Re: Response to anti-bridge comments


Drew Daniel Perkins (ddp#@andrew.cmu.edu)
Tue, 31 Mar 87 01:07:28 est


>At last count, the routing tables on the Translans showed something like
600 active hosts.

I'm not sure this is quite a large enough net for my statements to apply.
It's probably the case that your's is a network where level 2 bridges are
appropriate for your current needs. I wouldn't agree that they will be
appropriate for future needs though.

>We generally see 1-2 per second, which is expected and entirely acceptable.

The arp rate a particular net sees is probably going to be quite dependent on
the type of applications being used on it. Over 60% of the IP traffic on our
network is from the Andrew distributed file system (something like NFS in
functionality). Each workstation on the network regularly communicates with
quite a few different servers and other hosts. I would suspect that the ARP
rate from distributed applications like this is much higher from networks
with your basic telnets, ftp's and smtps.
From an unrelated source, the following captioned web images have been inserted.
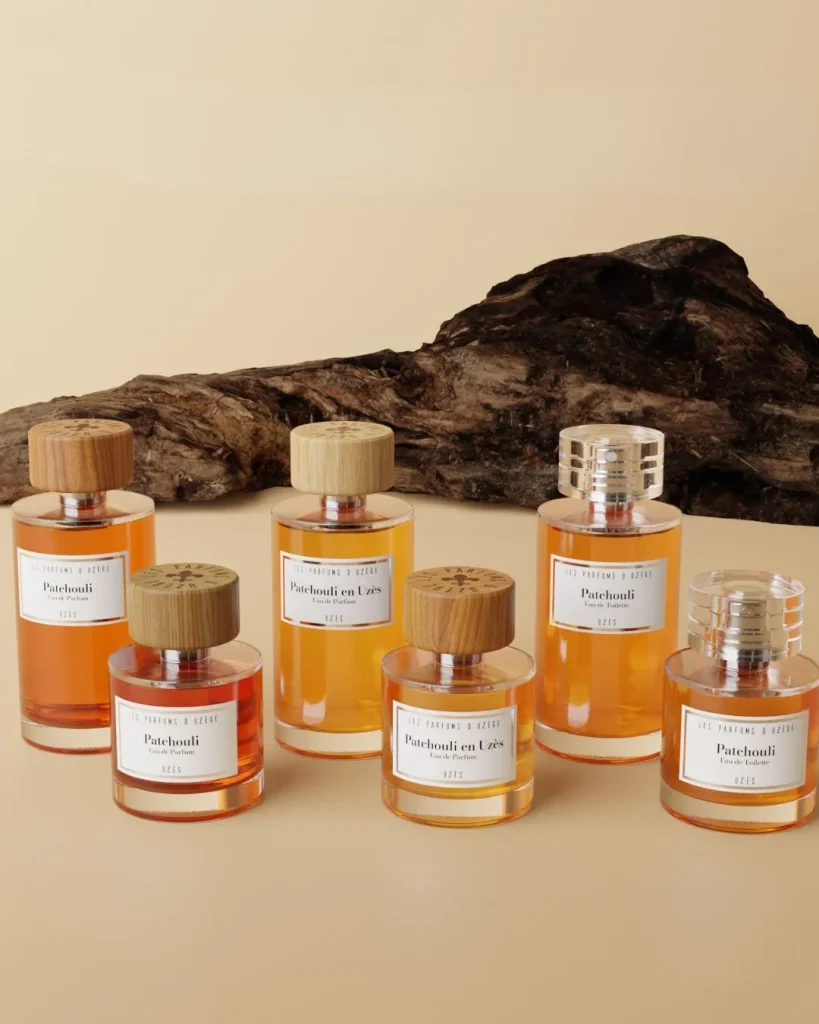 Collection Patchouli Les Parfums d'Uzege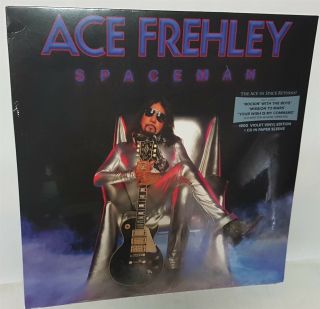 Ace Frehley Spaceman Violet Vinyl,  Cd Lp Record European Press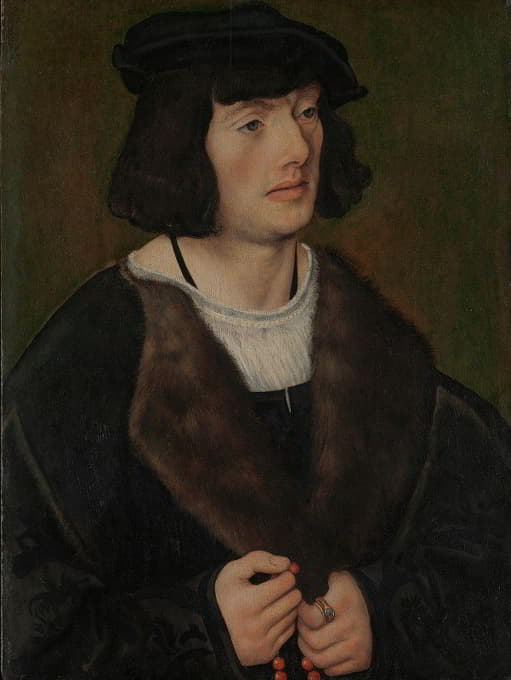 Lucas Cranach the Elder - Portrait of a Man with a Rosary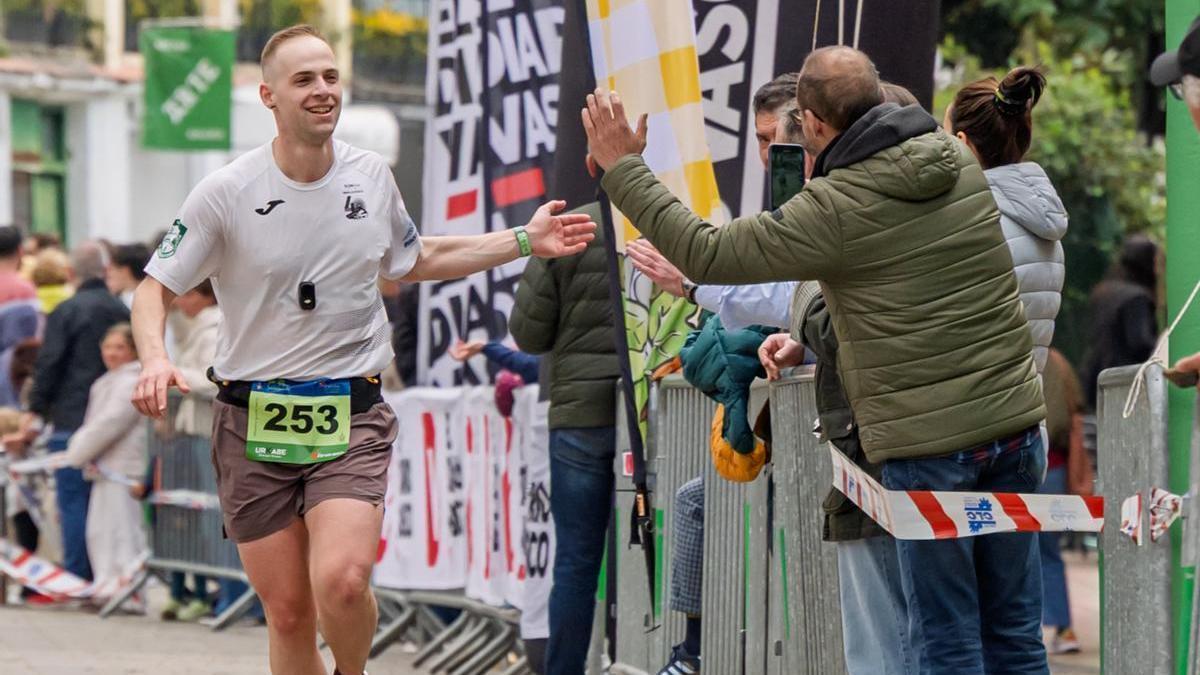 Ander Iribar, Orbel Explore, en una carrera.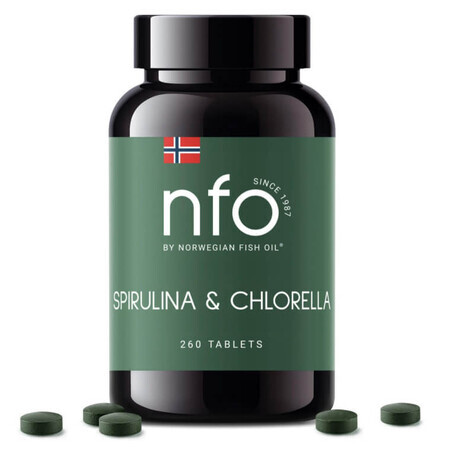 NFO Spirulina & Chlorella, 260 tabletten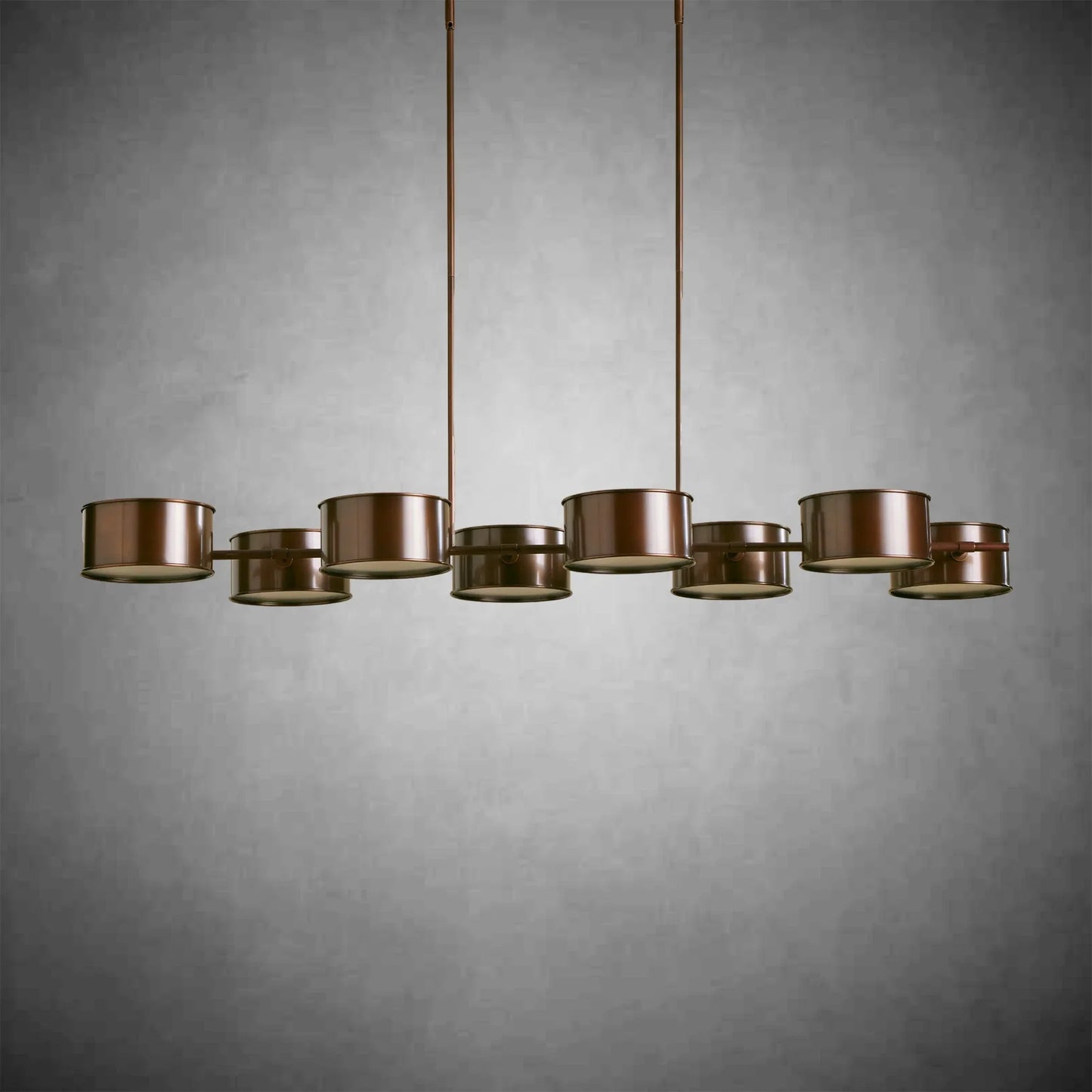 Daphne Metal Linear Chandelier 62''72''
>If you see 20 per second, then you've got something wrong somewhere.

>I've found that bursts of ARP requests are usually caused by hosts who

>respond inappropriately to UDP broadcasts to bogus IP addresses.

Luckily I think we have the bad UDP broadcast problem under control. That
definitely is not what causes the majority of our ARP's. There's nothing
really wrong (that we've been able to find) besides the problems with 4.2
UNIX itself. Actually most of our arps seem to be from hosts that
relentlessly try to open connections to machines which are down. It
especially get's bad when an important server goes down. When 500 hosts are
trying to talk to a file server that has been down for a while... Luckily
the file system knows about exponential backoff.

One of the problems we found a while ago is that the default size of an arp
cache in 4.2 is not at all appropriate for a server machine which
communicates with LOTS of machines. The default is for a cache of 5x19
entries, i.e. there are 19 possible hash values and only 5 hosts can hash to
each one. In the worst case, if you are trying to communicate sequentially
with 6 hosts which all hash to the same value, you can end up sending one ARP
req packet per IP packet/transaction. For our file servers which regularly
communicate with 300 hosts in a 10 minute period this is definitely not
appropriate... I think we made the cache 10x99 instead.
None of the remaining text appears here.